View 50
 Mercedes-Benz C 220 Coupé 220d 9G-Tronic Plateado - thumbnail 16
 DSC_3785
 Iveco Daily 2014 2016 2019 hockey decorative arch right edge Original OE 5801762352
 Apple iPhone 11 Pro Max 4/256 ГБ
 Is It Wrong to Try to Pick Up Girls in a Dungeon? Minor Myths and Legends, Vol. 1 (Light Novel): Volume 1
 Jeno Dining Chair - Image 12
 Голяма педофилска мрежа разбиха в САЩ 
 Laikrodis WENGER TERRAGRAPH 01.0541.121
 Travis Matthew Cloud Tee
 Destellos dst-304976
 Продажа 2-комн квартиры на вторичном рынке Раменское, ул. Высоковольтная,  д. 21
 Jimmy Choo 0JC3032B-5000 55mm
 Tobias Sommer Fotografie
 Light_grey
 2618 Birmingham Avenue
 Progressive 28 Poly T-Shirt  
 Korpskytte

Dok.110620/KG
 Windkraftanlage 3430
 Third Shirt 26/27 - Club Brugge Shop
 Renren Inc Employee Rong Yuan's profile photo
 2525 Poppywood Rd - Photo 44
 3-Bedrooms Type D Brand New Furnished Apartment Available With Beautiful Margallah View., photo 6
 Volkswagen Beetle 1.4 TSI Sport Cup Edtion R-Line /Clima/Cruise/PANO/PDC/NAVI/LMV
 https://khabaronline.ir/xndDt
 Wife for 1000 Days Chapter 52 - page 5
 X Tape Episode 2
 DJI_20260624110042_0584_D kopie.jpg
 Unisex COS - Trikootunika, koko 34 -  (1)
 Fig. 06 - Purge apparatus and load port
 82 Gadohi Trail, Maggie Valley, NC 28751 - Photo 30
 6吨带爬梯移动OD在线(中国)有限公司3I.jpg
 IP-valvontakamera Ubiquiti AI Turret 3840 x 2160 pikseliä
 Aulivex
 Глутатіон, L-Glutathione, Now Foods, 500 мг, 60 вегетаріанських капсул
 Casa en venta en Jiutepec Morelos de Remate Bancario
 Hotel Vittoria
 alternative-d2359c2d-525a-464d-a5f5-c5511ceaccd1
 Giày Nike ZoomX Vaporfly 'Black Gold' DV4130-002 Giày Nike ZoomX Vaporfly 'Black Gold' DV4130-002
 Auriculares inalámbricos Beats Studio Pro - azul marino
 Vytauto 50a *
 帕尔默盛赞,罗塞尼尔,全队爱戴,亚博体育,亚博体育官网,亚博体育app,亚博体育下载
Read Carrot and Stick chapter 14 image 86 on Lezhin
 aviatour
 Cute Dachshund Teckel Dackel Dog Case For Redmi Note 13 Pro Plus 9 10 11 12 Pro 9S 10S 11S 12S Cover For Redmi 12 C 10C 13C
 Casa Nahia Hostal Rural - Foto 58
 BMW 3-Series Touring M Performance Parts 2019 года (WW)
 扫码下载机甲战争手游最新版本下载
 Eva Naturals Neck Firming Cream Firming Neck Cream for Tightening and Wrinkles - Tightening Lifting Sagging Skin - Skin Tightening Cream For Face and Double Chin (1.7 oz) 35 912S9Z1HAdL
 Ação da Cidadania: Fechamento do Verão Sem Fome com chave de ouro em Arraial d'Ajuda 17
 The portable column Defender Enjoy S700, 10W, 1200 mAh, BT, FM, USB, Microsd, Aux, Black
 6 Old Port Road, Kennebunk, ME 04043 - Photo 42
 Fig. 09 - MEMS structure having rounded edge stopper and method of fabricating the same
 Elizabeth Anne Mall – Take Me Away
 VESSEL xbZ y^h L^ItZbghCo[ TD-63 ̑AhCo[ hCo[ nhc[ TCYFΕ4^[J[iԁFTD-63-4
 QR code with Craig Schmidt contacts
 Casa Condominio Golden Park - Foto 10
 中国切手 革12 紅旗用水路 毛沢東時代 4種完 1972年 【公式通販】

Problem statement:
What is needed is a word-for-word copy of the records above, from the first line through the line that contains "Dok.110620/KG".

Response:
View 50
 Mercedes-Benz C 220 Coupé 220d 9G-Tronic Plateado - thumbnail 16
 DSC_3785
 Iveco Daily 2014 2016 2019 hockey decorative arch right edge Original OE 5801762352
 Apple iPhone 11 Pro Max 4/256 ГБ
 Is It Wrong to Try to Pick Up Girls in a Dungeon? Minor Myths and Legends, Vol. 1 (Light Novel): Volume 1
 Jeno Dining Chair - Image 12
 Голяма педофилска мрежа разбиха в САЩ 
 Laikrodis WENGER TERRAGRAPH 01.0541.121
 Travis Matthew Cloud Tee
 Destellos dst-304976
 Продажа 2-комн квартиры на вторичном рынке Раменское, ул. Высоковольтная,  д. 21
 Jimmy Choo 0JC3032B-5000 55mm
 Tobias Sommer Fotografie
 Light_grey
 2618 Birmingham Avenue
 Progressive 28 Poly T-Shirt  
 Korpskytte

Dok.110620/KG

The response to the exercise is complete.